▶ WHAT IS REQUIRED
Both ends included, set down the lines from the line containing "this 1280×853 image." through the last line of the records below, without pictures.

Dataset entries
● ● ●

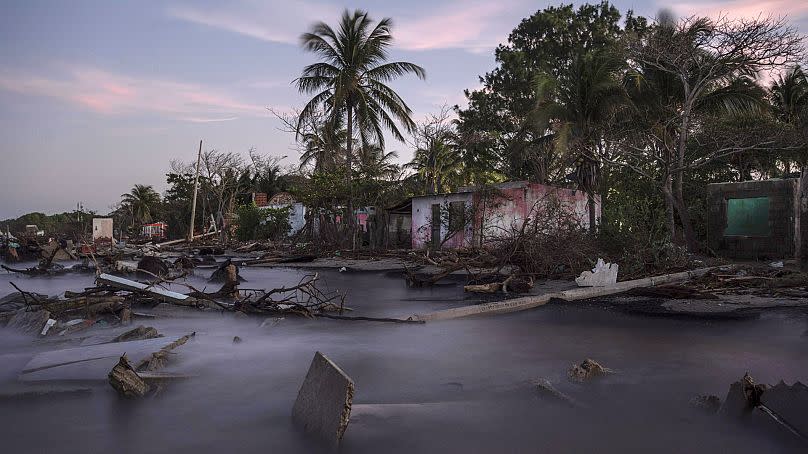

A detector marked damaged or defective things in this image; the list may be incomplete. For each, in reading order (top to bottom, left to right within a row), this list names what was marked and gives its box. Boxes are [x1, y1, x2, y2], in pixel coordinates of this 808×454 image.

damaged pink building [414, 181, 596, 250]
broken wooden plank [96, 274, 189, 306]
broken wooden plank [410, 268, 712, 320]
broken wooden plank [290, 352, 354, 444]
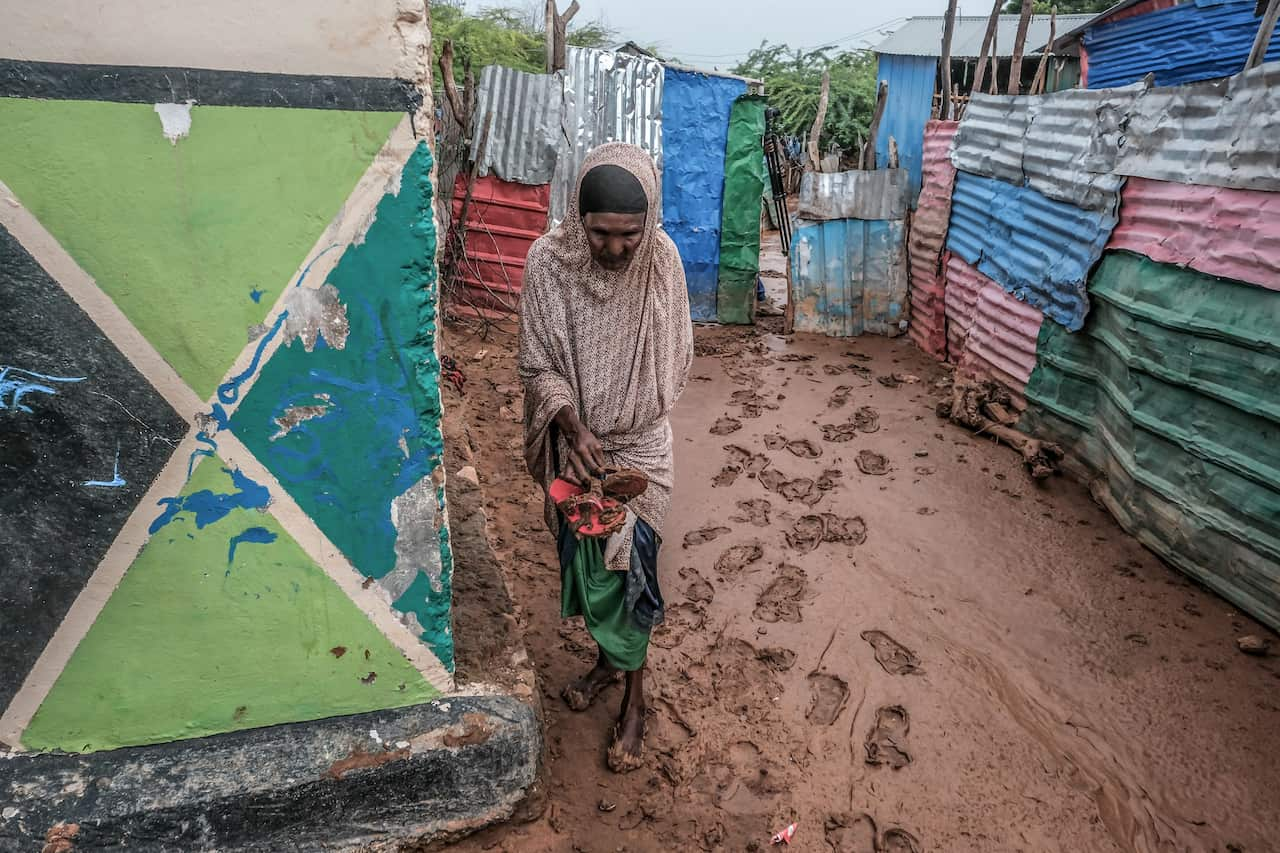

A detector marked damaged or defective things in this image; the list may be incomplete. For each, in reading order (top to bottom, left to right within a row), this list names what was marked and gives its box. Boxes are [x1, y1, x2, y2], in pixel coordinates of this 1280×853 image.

rusted metal sheet [450, 172, 550, 315]
rusted metal sheet [471, 65, 560, 185]
rusted metal sheet [555, 45, 665, 222]
rusted metal sheet [788, 217, 911, 338]
rusted metal sheet [793, 167, 916, 220]
rusted metal sheet [906, 119, 957, 358]
rusted metal sheet [947, 171, 1116, 330]
rusted metal sheet [952, 85, 1131, 212]
rusted metal sheet [1111, 175, 1280, 289]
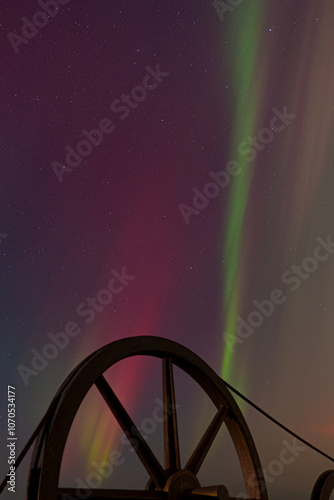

● ● ●

▶ RESULT BELOW
A detector marked damaged or defective things in this image; the list may be incomplete. For each, in reading order (top to bottom, left to right within a row), this list names what was marked and gives its box. Boxes are [x1, y1, x2, y2], in pixel coordinates of this 1280×853 image.

rusted metal sheet [450, 172, 550, 315]
rusted metal sheet [471, 65, 560, 185]
rusted metal sheet [555, 45, 665, 222]
rusted metal sheet [788, 217, 911, 338]
rusted metal sheet [793, 167, 916, 220]
rusted metal sheet [906, 119, 957, 358]
rusted metal sheet [947, 171, 1116, 330]
rusted metal sheet [952, 85, 1131, 212]
rusted metal sheet [1111, 175, 1280, 289]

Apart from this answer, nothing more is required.